Thursday, February 19, 2015

Finished... kinda

So I "finished" my first book.
I use quotation marks, because I'm no where near done. I still have a long road ahead of me, but it's an exciting one. One that I seem to be able to see the end off, but need to actually walk down. It's an odd feeling, seeing yourself in a place that your body does not yet occupy.
I am constantly talking to the people around me, people I would call friends but they may have a different term for me, about the future and my dreams. I see myself being a novelist, a producer, director, entrepreneur, an artist and comedian and even an actor. I see myself speaking to thousands of people all over the world and making a difference in the lives of "fans" everywhere.
But how do I get there, how do I make myself someone that people want to know, and talk to and listen to. It's a really kindling kind of thought process. Being conscious of the decision to become more. To be worth more.

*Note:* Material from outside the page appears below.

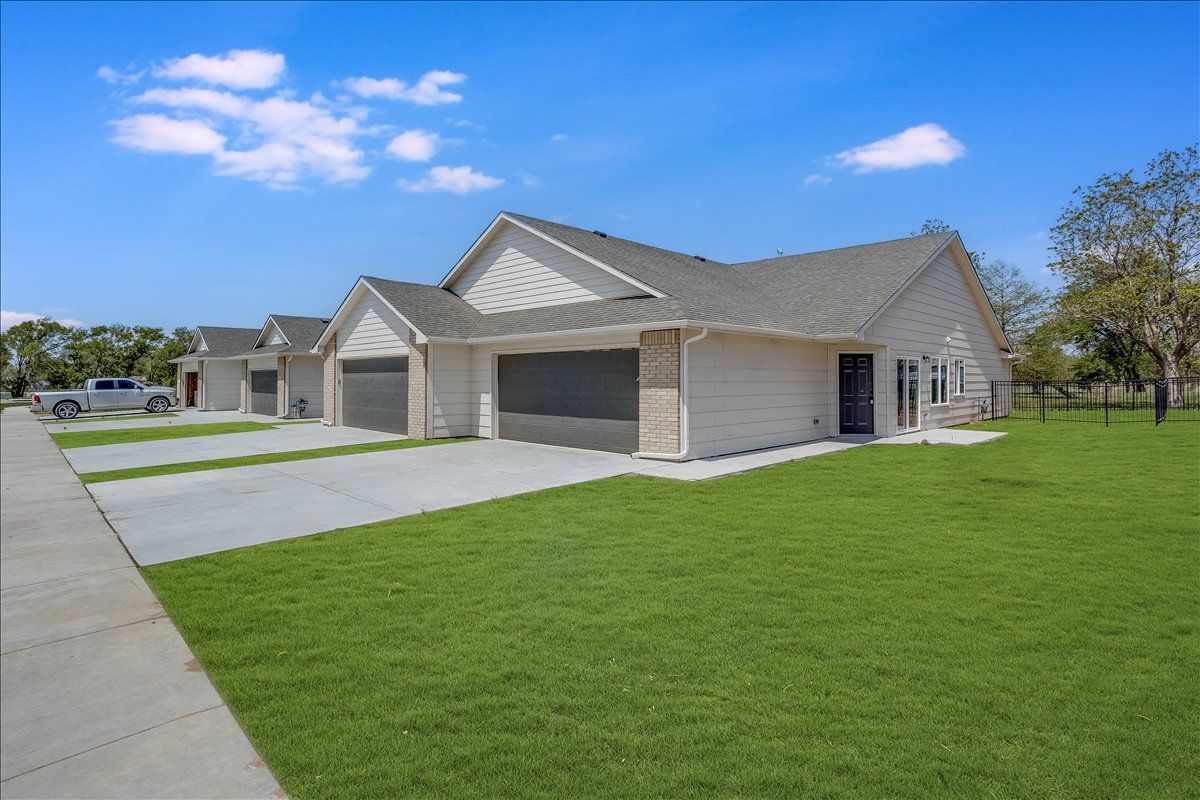 A house with a lot of grass in front of it.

That is that I don't believe I am worth anybody's time right now. I am constantly indebted to to those to who seem to want to take time out of their life to spend with me. Its like being a homeless person and receiving money for sitting on the sidewalk. I do nothing for these people, and out of the compassion of their hearts they throw money in my hat.
So what is it that I must do to feel a sense of worth? Write a book? Get it published? Have a random person interview me? Have a movie made from a story? Go on Conan? Host SNL? Become the president of DC (and fix the whole dern company!)?
These are goals, these are achievements, but do they really add to my self worth? Lets say that I do achieve one of my goals, and I make it to comic con on a panel, that people come to see and ask me questions about my work... lets say I achieve some minor success of fame... what does that add?
Does that make me a nicer guy? does it further The Kingdom of Christ? Will it make my woman love me more?

HECK FREAKIN YEAH IT DOES! I mean... Kinda...

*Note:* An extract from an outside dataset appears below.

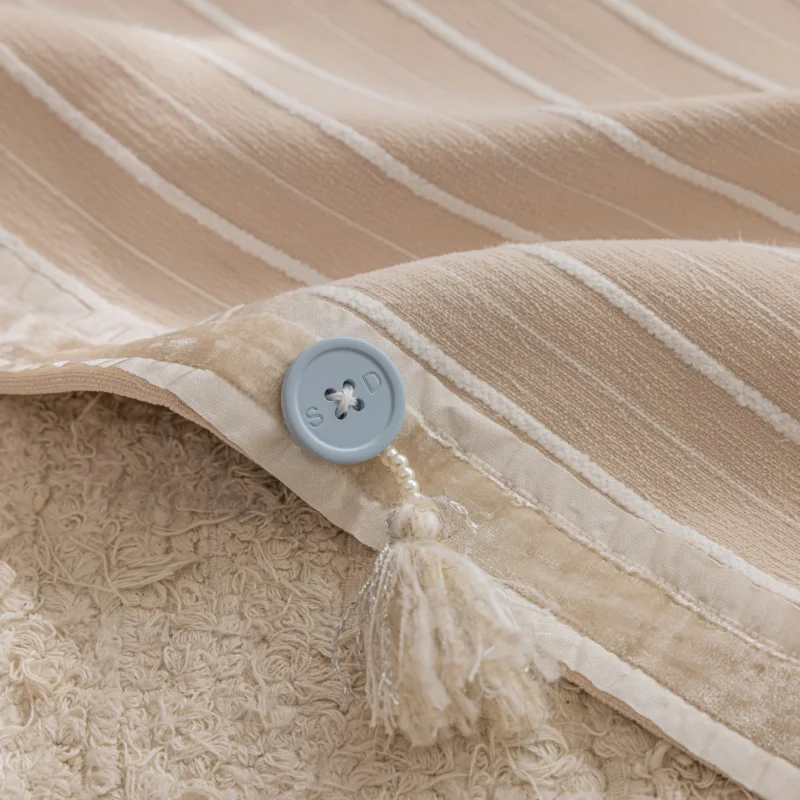 Close-up of Blush Sweet Curtain fabric showing striped jacquard texture with button detail.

This is my point. I believe I will never truly be worth anyone's time, quiet the opposite. That I will be blessed by every single person I ever meet and talk with. Think about it, would you rather think yourself better than the world, knowing that they always owe you for being around them and never getting what your owed, inevitably being let down? Or would you want to feel as though you are given a gift with every conversation you had, and filled just to be in the presence of people who like you?

I choose the Ladder! (latter)



But while I don't feel that I am really worth it, I have a hope that I can help people. So I choose to work at writing and start making myself a better person. Someone that won't leave with a bad taste in their mouth after talking to me. I want people to see the light that I have, and to be willing to follow me down this road I travel on.
I'm going to finish this book. I am done with the a ton of editing. I have given the current book out to several people to read and tell me what they think. While I read through it again, I await their critiques, hoping that it will all be good in the end.
I have compiled a list of Agents and Publishers, looking for those that might be interested in my work and am sending it out to them for representation. 
I don't know how long I will be querying, but I know that I have to go through this to get down the road. Soon I will be signing my books and answering questions from nervous kids who just want a chance to talk to me. I hope to look at them with a smile and tell them.
Thanks, your the reason why I write.